La storia del Golfo di Suez è quella di una spaccatura tra continenti che avrebbe potuto diventare oceano. Ventotto milioni di anni fa, la placca araba iniziò ad allontanarsi da quella africana, dando origine a un rift che si estende per centinaia di chilometri. 

Poi, secondo la ricostruzione classica, questo processo si interruppe improvvisamente circa cinque milioni di anni fa, lasciando dietro di sé una struttura geologica incompiuta. Nel tempo, il Golfo è stato considerato uno dei migliori esempi di rift fallito: un sistema che inizia a divergere ma che non riesce a evolversi pienamente. 

Tuttavia, alcuni indizi hanno sempre disturbato questa narrazione. Eventi sismici isolati, lievi deformazioni del suolo, antiche barriere coralline sollevate sopra il livello del mare: segnali sparsi, mai unificati da un’interpretazione coerente.

Il punto di svolta è arrivato quando un gruppo di ricerca ha deciso di studiare con nuovi strumenti il paesaggio e la geologia del rift. In particolare, si sono concentrati sulla morfologia dei fiumi, la posizione delle faglie e l’altitudine di elementi costieri che un tempo erano allineati con il livello marino. Le anomalie riscontrate non potevano più essere attribuite solo all’erosione o a processi climatici.

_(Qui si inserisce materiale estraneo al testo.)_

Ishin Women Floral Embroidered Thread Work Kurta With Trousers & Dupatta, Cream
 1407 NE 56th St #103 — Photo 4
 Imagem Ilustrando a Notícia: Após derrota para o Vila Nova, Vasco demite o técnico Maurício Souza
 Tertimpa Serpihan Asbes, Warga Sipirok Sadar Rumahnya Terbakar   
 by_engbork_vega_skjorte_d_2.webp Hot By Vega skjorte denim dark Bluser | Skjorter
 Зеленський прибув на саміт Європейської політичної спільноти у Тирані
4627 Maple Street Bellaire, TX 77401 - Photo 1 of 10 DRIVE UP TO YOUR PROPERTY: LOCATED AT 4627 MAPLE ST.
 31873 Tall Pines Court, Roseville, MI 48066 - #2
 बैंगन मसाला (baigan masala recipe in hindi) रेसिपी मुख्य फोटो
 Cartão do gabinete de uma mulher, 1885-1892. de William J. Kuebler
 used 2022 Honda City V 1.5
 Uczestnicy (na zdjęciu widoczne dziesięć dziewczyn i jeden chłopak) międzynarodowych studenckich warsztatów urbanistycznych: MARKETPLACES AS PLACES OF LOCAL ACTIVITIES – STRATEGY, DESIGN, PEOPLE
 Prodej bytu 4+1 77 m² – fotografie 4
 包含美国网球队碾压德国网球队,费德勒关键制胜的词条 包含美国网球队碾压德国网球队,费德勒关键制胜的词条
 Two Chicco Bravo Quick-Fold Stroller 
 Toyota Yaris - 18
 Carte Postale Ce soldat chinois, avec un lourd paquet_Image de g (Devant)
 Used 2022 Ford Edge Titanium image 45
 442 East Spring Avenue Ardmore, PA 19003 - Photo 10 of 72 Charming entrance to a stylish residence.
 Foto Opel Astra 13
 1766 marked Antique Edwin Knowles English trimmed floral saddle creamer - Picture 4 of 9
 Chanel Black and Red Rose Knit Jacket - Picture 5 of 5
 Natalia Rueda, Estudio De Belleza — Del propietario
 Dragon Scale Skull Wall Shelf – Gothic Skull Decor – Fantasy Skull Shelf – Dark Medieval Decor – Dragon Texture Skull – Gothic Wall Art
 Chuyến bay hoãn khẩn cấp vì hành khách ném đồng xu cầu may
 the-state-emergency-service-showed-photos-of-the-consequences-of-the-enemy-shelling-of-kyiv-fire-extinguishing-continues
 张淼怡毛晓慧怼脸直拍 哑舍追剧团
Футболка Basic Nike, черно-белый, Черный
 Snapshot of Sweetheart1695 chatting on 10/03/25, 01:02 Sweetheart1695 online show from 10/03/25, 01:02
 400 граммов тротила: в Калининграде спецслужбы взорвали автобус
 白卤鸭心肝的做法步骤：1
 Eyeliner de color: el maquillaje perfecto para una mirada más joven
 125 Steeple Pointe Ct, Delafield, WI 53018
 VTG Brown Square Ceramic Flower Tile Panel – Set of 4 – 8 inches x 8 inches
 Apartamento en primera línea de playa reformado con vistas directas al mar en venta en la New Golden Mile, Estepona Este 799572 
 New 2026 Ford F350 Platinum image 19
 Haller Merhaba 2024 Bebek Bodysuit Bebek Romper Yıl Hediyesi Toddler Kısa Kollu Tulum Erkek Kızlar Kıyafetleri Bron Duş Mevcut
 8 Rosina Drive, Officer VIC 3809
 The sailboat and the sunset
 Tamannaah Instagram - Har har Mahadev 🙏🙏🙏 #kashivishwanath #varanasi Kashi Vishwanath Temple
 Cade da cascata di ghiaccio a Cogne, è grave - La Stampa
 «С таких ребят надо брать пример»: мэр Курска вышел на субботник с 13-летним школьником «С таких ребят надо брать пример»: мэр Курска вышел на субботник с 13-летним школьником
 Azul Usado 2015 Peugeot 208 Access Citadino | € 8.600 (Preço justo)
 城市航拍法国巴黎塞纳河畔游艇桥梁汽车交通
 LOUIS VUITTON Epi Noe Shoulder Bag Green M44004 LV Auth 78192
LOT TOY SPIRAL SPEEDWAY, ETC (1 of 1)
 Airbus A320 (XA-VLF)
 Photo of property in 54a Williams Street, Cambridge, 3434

Un’erosione che non basta a spiegare

Analizzando le tracce morfologiche lungo l’intero rift del Golfo di Suez, lungo circa 300 chilometri, i ricercatori hanno identificato delle pendenze fluviali incoerenti e sollevamenti del terreno incompatibili con un sistema tettonico inattivo. Anche i coralli fossili, oggi sollevati fino a 18 metri sopra il mare, raccontano una storia diversa: quella di un paesaggio in continua, seppur lenta, trasformazione.

Questi dati, interpretati alla luce di modelli geodinamici attuali, suggeriscono un quadro più complesso. Il rift non si è mai del tutto arrestato, ma ha semplicemente rallentato. Una forma di attività geologica “silenziosa”, che richiede strumenti avanzati per essere riconosciuta ma che, nel lungo periodo, ha effetti misurabili.

Lo spostamento continua, ma quasi nessuno se ne accorge

Secondo lo studio pubblicato su Geophysical Research Letters, il Golfo di Suez continua ad allargarsi a una velocità di circa 0,5 millimetri l’anno. Una deformazione minima, invisibile su scala umana, ma rilevante in scala geologica. È un tasso simile a quello di regioni attive come l’ovest degli Stati Uniti, dove la crosta si allunga generando montagne e valli.

Questa scoperta cambia radicalmente la visione tradizionale dei rift: non sono solo successi o fallimenti, ma possono anche vivere in uno stato intermedio di attività rallentata. Il Golfo di Suez, che sembrava fermo, è in realtà ancora in movimento. E questo ha implicazioni profonde, anche per la valutazione del rischio sismico e la comprensione della dinamica tettonica globale.